Saved data entries -
--------------------------------------------------
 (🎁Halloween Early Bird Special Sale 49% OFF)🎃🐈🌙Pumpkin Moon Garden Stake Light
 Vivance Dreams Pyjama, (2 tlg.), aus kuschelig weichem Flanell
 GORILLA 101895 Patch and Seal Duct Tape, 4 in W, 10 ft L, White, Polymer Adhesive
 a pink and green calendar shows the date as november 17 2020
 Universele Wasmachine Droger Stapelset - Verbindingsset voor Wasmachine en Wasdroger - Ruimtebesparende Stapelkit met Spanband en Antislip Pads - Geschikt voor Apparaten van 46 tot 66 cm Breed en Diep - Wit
--------------------------------------------------
What you have to do - The span to give again runs from the line with "Vivance Dreams Pyjama, (2" through the last line of the records above; reproduce it exactly and nothing more.

Answer section -
 Vivance Dreams Pyjama, (2 tlg.), aus kuschelig weichem Flanell
 GORILLA 101895 Patch and Seal Duct Tape, 4 in W, 10 ft L, White, Polymer Adhesive
 a pink and green calendar shows the date as november 17 2020
 Universele Wasmachine Droger Stapelset - Verbindingsset voor Wasmachine en Wasdroger - Ruimtebesparende Stapelkit met Spanband en Antislip Pads - Geschikt voor Apparaten van 46 tot 66 cm Breed en Diep - Wit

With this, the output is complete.